Earth-bound Milli-charge Relics

TL;DR

This paper explores how millicharged particles can accumulate inside Earth, leading to enhanced densities and new detection possibilities through their interactions, annihilation signatures, and bound state formations.

Contribution

It provides a detailed analysis of mCP accumulation, thermalization, and potential detection methods, introducing novel experimental approaches for millicharged particle searches.

Findings

Millicharged particles can thermalize and build up inside Earth.

Density enhancements of up to 10^14 times the galactic abundance are possible.

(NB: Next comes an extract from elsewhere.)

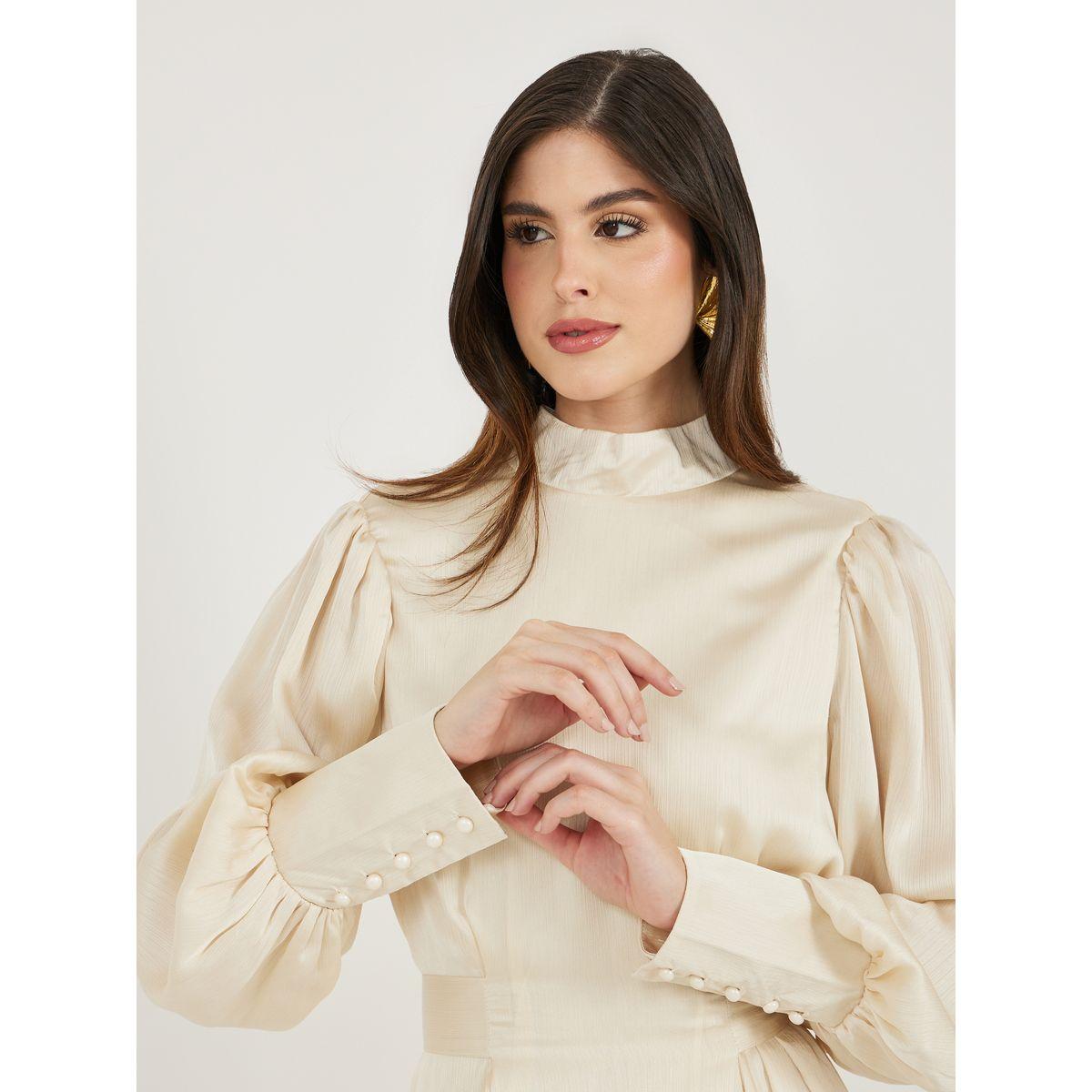 فستان طويل بأكمام بالون وربطة خصر-women-clothing-dresses-image-4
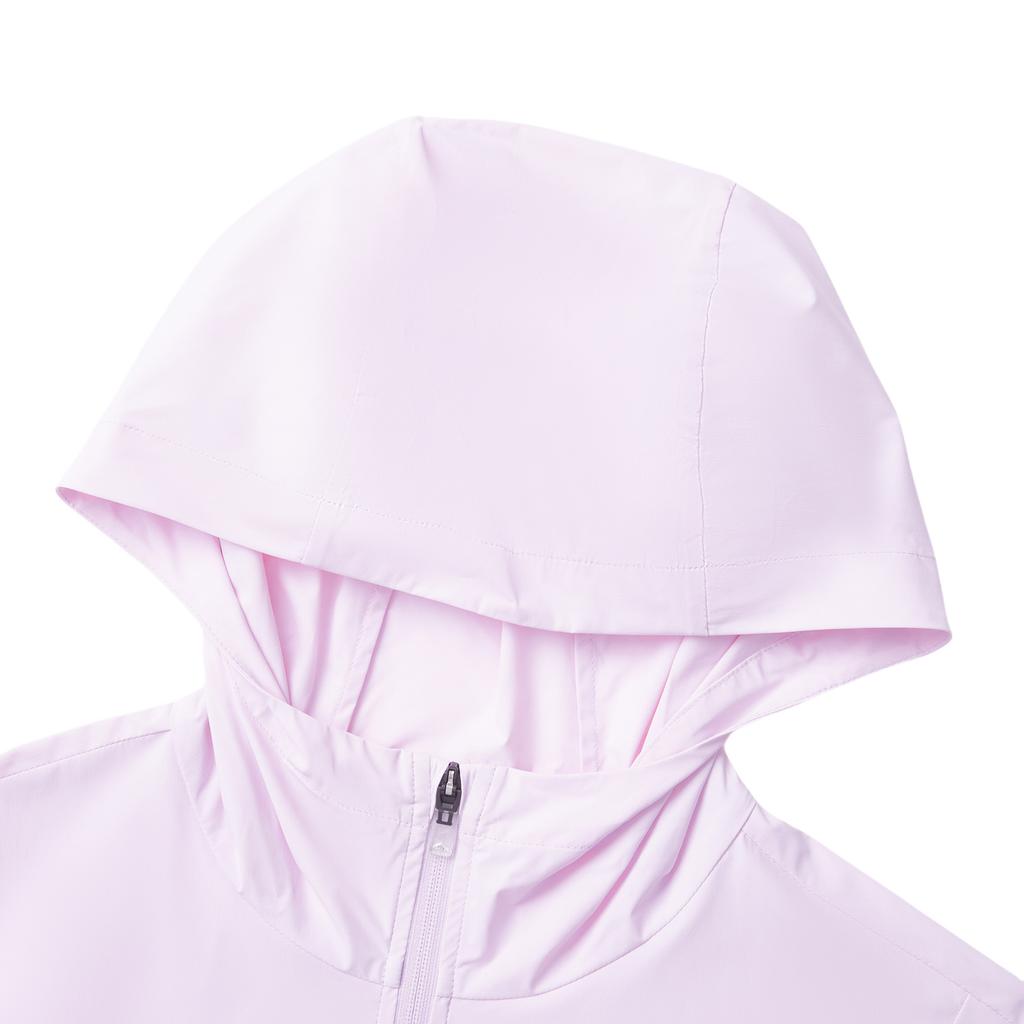 Li Ning Беговая серия Удобная Повседневная Простая Однотонная Толстовка на молнии Универсальная Куртка с зеркальной защитой от солнца Женская куртка Холодный фиолетовый AFDV252-5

New detection signatures include annihilation signals and bound state formations.

Abstract

Dark sector particles with small electric charge, or millicharge, (mCPs) may lead to a variety of diverse phenomena in particle physics, astrophysics and cosmology. Assuming their possible existence, we investigate the accumulation and propagation of mCPs in matter, specifically inside the Earth. Even small values of millicharge lead to sizeable scattering cross sections on atoms, resulting in complete thermalization, and as a consequence, considerable build-up of number densities of mCPs, especially for the values of masses of GeV and higher when the evaporation becomes inhibited. Enhancement of mCP densities compared to their galactic abundance, that can be as big as $10^{14}$, leads to the possibility of new experimental probes for this model. The annihilation of pairs of mCPs will result in new signatures for the large volume detectors (such as Super-Kamiokande). Formation of bound states of negatively charged mCPs with nuclei can be observed by direct dark matter detection experiments. A unique probe of mCP can be developed using underground electrostatic accelerators that can directly accelerate mCPs above the experimental thresholds of direct dark matter detection experiments.